God does not forsake any generation that follows in the footsteps of spiritual giants. Few men leave a mark upon the world like Abraham. However, the blessing and power of God does not die with great men. In v. 11, God blesses his son Isaac. Maybe you have known spiritual giants, but they have now gone. God calls you to get serious, step forward, and he will empower you to serve Him as well.
Funerals are opportunities of influence. There are some people you only see at funerals and weddings. Ishmael and Isaac walked different paths, but v. 9 shows they were temporally brought together. Try not to miss these occasions to positively influence those you seldom see.
God’s promises do not negate prayer. Knowing that God’s plan was going to be carried out through him, Isaac could have taken a passive approach to his wife’s barrenness. Instead, Isaac avoids his father’s example in taking Hagar, and prays, no doubt for the better part of 20 years. God’s promises are not merely to be assumed, they are to be prayed for, which is why, even though He has promised to provide, we are to pray for our daily bread. Are you praying over God’s promises?
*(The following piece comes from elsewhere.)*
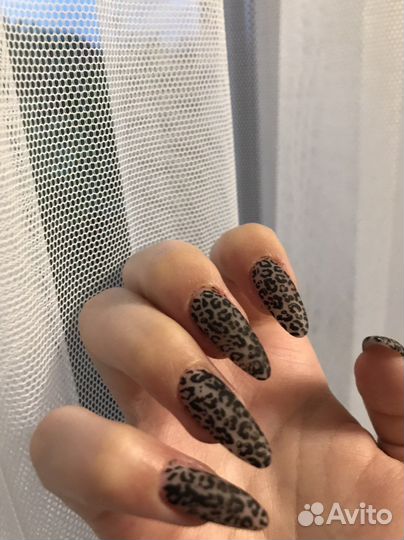 Маникюр педикюр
Man’s problem is in his nature. Before Jacob and Esau are born, before they are conscious of their actions, there is contention and rivalry between them. Parents, remember this. No parental methodology can deal with human nature, only the gospel. Preach the gospel to your children.
God is sovereign in the characteristics and constitution of men. Jacob and Esau are very different, and so it often is between siblings. Children, do not be jealous of your siblings. Appreciate differences, and pray that God would give you godly interests, show you your gifts, and help you develop them for His glory. You do not have to be the same as one of your siblings in order to please God and be used by God.
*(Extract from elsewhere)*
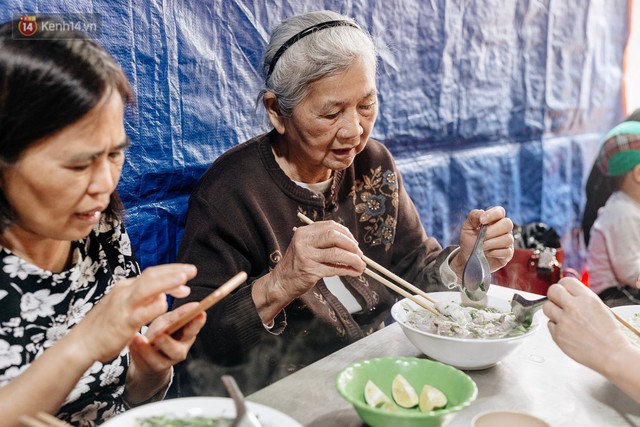 Sự trùng hợp gây hiểu nhầm ở Hà Nội suốt hàng chục năm: 2 ông cùng tên Thìn, cùng bán phở nhưng chẳng ai nhái ai - Ảnh 11.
Serving carnal appetites is a sure path to hell. Jacob is far from godly at this stage of his life, but he does not undervalue precious things. Esau, on the other hand, ignores God’s word, ignores the mark of circumcision upon him, and proves himself to be superficial and careless. Even after selling his birthright he is oblivious to what he has done. He eats, drinks, rises up, and carries on with life. In this he is the picture of a sinner that hears the gospel at church, hears the appeal of Christ to flee from the wrath to come and choose eternal life, ignores it, and carries on with life as if God will not hold him to account. Oh, children, do not be like Esau. Do not despise the gospel. Do not ignore the cross. Rather, admit your sinfulness, run into the arms of Jesus by praying, “God, you gave me Christian parents so I might be taught the gospel. Thank you for that. I believe died on the cross for my sins, and I am willing to turn from sin and follow you all the days of my life.”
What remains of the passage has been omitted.